In the sequel, Rosa, now 59 years old, has moved to Miami (a "hellish place") after literally destroying the junk shop in New York which she had owned. She lives an isolated life in a dilapidated one room apartment. Stella, who remained in New York, supports her financially, and is her primary source of contact with the outside world. A serendipitous meeting at a laundromat with a Mr. Persky, however, changes Rosa's life.
This is not to imply that there is a romanticized ending to this story--just a glimmer of hope of reconnection to the world is offered. For Rosa was still living the holocaust. As she put it--there's life before, life during (Hitler's reign) and life after--"Before is a dream. After is a joke. Only during stays." This orientation to the world is what Persky challenges.
Miscellaneous
Publisher
Random House: Vintage International
Place Published
New York
Edition
1990
Page Count
69
Commentary
The shawl and its connection to the core event in Rosa's life continues to carry significance in the second story. Throughout the second story Rosa eagerly awaits its arrival from Stella--although Rosa doesn't need such a "talisman," as Stella refers to it, to evoke the images of her deceased daughter and of Rosa's family's contented life in pre-war Warsaw. In fact, Rosa has created countless lives for her daughter, with whom she regularly communicates, usually sharing with her stories of the grandeur of Warsaw.
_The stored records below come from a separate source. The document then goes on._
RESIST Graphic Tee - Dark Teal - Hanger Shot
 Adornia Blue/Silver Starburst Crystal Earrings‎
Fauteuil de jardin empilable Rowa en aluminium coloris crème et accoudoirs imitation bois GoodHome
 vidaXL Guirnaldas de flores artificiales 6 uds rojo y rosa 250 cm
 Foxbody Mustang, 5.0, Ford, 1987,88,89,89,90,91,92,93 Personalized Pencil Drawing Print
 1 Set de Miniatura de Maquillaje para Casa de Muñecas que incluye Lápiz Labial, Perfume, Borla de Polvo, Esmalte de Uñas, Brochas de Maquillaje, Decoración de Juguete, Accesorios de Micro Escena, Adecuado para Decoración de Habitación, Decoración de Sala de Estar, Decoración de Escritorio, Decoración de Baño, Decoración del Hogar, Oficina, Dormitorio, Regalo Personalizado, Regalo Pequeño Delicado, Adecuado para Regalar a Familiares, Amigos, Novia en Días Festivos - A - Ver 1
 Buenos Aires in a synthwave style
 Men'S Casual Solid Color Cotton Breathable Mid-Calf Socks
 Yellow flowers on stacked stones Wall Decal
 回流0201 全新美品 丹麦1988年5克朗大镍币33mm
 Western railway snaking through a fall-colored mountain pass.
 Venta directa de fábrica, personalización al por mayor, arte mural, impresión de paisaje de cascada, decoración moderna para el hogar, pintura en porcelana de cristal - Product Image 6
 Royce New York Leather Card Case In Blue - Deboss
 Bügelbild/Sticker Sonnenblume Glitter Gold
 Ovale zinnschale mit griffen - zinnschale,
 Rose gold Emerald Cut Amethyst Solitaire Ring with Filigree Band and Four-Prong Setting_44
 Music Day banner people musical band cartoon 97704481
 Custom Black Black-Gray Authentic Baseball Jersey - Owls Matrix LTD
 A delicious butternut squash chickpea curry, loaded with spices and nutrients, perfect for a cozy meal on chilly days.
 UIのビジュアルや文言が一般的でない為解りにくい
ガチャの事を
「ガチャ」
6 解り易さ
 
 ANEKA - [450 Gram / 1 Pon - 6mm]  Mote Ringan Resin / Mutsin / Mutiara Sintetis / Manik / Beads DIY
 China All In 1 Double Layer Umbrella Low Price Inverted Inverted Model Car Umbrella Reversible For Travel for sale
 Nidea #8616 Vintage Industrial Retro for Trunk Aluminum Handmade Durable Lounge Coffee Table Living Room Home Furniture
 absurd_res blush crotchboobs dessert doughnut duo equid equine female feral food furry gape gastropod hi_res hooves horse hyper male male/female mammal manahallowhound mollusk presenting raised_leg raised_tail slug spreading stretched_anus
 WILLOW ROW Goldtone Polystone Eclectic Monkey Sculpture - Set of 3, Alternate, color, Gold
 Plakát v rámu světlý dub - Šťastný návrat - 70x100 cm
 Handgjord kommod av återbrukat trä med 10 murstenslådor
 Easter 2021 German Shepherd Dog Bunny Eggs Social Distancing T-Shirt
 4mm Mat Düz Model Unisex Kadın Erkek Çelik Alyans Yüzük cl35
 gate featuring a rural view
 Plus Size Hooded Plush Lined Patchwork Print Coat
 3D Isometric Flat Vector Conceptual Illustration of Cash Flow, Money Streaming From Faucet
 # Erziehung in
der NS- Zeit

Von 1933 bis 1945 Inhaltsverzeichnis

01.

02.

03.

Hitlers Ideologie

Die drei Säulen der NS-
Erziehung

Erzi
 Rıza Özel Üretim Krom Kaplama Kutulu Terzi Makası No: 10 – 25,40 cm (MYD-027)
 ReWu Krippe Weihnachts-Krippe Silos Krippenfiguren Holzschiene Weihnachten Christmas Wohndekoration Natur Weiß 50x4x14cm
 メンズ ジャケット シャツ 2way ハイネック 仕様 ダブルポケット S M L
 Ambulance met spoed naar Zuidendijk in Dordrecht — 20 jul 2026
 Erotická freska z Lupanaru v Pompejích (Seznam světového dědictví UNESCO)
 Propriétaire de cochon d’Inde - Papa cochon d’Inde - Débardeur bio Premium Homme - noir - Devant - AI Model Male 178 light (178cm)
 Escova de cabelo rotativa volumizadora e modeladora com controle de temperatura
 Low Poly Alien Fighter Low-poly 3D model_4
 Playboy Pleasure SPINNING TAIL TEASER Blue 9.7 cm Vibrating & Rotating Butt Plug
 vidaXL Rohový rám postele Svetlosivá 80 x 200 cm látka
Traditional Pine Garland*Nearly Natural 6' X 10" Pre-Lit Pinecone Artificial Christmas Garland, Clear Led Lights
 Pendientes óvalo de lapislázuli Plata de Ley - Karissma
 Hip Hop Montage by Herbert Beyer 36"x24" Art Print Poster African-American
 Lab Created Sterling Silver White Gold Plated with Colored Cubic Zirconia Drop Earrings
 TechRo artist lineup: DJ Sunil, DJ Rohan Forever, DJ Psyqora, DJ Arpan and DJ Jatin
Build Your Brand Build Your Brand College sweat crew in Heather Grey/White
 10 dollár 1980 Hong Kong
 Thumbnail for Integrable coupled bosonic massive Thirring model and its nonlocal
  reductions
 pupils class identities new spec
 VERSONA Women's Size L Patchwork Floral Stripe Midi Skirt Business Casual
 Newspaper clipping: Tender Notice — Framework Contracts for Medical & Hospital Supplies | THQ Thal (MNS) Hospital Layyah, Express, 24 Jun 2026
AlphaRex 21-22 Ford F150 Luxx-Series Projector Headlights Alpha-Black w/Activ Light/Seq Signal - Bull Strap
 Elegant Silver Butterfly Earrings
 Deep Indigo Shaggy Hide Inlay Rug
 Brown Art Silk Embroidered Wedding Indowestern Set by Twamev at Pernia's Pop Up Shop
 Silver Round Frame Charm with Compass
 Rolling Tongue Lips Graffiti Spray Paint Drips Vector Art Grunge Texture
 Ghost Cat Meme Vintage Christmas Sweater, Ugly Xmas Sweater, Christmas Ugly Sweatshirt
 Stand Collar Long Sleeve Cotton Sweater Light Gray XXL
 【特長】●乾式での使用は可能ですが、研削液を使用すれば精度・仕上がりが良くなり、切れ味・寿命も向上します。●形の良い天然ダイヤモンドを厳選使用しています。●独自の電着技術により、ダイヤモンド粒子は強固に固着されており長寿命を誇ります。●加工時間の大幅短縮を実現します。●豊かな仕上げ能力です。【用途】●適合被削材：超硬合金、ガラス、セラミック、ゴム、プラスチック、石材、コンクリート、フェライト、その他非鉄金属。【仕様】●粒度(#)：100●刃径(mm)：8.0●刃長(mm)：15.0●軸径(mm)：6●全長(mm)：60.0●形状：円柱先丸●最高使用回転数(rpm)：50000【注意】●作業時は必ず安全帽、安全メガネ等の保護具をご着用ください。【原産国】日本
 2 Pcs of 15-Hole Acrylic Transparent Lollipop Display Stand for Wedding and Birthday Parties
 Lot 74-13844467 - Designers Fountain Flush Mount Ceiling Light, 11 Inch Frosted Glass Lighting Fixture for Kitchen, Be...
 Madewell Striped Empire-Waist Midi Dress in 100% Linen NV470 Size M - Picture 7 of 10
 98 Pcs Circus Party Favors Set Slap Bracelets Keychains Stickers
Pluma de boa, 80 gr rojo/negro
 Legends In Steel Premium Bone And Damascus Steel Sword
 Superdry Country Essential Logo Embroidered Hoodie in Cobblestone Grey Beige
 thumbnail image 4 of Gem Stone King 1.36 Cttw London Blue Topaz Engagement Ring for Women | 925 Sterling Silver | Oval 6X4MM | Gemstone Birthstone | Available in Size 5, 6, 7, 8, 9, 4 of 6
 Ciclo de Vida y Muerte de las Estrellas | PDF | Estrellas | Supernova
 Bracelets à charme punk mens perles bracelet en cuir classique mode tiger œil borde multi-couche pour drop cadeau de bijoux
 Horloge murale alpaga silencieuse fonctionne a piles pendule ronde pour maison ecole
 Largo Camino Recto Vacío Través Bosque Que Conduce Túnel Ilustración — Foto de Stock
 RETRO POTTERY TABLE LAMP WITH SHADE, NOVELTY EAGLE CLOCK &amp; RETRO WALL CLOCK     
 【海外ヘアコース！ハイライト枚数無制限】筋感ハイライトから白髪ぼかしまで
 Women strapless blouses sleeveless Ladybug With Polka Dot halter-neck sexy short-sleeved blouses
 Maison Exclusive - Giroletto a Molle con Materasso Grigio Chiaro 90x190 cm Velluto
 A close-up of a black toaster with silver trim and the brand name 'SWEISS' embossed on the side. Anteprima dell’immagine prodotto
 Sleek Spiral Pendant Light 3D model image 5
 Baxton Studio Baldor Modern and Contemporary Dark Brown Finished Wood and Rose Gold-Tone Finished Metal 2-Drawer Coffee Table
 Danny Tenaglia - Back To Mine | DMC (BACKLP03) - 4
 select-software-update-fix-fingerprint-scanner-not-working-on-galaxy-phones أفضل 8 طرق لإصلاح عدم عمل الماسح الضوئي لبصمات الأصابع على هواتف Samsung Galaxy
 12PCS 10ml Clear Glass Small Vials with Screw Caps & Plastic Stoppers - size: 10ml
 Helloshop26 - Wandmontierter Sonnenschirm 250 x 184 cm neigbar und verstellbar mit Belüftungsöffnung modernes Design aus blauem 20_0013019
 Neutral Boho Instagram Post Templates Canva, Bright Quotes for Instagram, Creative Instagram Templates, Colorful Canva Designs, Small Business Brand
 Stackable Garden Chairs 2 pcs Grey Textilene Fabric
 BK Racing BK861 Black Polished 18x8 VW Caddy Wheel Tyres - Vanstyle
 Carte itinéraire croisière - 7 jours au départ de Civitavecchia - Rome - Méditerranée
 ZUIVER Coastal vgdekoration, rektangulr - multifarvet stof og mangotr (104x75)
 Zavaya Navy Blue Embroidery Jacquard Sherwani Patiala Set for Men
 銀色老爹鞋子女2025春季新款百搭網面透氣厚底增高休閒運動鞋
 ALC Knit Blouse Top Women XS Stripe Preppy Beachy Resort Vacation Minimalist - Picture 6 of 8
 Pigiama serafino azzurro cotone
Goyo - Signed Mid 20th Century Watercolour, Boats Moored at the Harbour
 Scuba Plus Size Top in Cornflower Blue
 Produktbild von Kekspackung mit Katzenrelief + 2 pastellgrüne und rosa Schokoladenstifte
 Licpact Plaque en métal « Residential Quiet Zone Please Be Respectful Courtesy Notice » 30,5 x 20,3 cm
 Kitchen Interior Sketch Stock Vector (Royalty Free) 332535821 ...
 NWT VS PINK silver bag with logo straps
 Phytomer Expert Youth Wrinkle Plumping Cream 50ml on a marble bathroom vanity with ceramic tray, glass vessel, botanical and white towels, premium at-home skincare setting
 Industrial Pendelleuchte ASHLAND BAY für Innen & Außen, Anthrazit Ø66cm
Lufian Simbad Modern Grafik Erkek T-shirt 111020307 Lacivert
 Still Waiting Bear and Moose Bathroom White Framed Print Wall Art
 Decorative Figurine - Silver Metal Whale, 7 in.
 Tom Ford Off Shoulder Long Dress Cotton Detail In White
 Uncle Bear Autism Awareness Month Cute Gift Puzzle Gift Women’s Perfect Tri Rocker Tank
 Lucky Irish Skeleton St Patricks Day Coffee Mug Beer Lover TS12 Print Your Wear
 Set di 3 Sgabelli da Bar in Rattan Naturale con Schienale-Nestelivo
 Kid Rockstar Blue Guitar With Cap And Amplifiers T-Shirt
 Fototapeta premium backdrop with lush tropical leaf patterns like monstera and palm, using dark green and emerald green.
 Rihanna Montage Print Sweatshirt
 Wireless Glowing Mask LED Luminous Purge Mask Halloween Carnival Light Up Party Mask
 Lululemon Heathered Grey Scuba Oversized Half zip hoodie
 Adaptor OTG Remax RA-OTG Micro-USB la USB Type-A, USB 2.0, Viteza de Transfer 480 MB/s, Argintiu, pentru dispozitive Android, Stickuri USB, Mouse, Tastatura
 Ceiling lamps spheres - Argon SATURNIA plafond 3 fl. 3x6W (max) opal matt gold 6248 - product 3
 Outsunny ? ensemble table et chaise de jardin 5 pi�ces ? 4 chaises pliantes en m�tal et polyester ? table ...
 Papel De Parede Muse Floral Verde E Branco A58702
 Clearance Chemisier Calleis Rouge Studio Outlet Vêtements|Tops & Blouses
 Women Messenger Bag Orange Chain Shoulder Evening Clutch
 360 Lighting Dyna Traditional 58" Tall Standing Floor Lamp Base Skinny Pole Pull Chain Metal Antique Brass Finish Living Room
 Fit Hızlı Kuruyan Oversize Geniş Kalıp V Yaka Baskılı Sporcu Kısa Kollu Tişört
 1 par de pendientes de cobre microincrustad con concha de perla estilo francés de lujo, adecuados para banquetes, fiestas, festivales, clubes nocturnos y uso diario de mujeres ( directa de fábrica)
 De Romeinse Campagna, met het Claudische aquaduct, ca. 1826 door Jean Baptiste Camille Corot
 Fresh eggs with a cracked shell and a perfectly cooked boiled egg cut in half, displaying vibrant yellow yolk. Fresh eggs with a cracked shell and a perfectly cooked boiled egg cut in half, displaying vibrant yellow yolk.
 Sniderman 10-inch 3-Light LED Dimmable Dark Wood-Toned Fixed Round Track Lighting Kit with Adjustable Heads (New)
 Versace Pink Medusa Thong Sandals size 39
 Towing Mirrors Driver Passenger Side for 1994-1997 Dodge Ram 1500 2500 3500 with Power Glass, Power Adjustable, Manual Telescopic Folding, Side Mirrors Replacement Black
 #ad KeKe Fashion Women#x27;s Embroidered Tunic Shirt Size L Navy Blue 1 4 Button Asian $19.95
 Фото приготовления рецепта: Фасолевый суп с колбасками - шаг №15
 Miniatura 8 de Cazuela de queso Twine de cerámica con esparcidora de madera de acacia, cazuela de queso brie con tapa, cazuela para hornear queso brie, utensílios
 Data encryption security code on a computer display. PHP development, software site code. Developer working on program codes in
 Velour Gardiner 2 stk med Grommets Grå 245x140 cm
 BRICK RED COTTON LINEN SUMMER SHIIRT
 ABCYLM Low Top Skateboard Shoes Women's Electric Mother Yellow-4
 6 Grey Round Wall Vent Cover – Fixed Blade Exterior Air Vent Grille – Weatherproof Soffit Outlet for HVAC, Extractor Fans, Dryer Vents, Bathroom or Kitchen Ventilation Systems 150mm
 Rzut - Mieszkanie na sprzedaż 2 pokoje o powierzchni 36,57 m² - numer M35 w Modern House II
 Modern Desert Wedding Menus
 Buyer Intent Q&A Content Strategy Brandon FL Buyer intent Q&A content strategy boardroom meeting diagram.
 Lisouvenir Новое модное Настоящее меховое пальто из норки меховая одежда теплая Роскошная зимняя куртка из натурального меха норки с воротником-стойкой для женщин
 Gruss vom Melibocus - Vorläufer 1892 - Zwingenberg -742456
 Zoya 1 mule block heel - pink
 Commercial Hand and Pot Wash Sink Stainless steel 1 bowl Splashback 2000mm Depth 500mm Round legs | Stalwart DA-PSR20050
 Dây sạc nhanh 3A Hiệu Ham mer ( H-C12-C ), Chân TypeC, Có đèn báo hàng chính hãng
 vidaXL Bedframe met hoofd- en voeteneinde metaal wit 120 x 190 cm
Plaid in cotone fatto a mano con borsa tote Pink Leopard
One could see Rosa as a crazy woman, one way she refers to herself, but one can't help empathize with her and her struggle to maintain sanity and dignity in the face of evil.
Another theme which emerges in this book is the use of the term "survivor" and those who study "them". Ozick has addressed this in other forums and does so through Rosa as well--clearly finding their objectification of these persons who have suffered so much another form of inhumanity.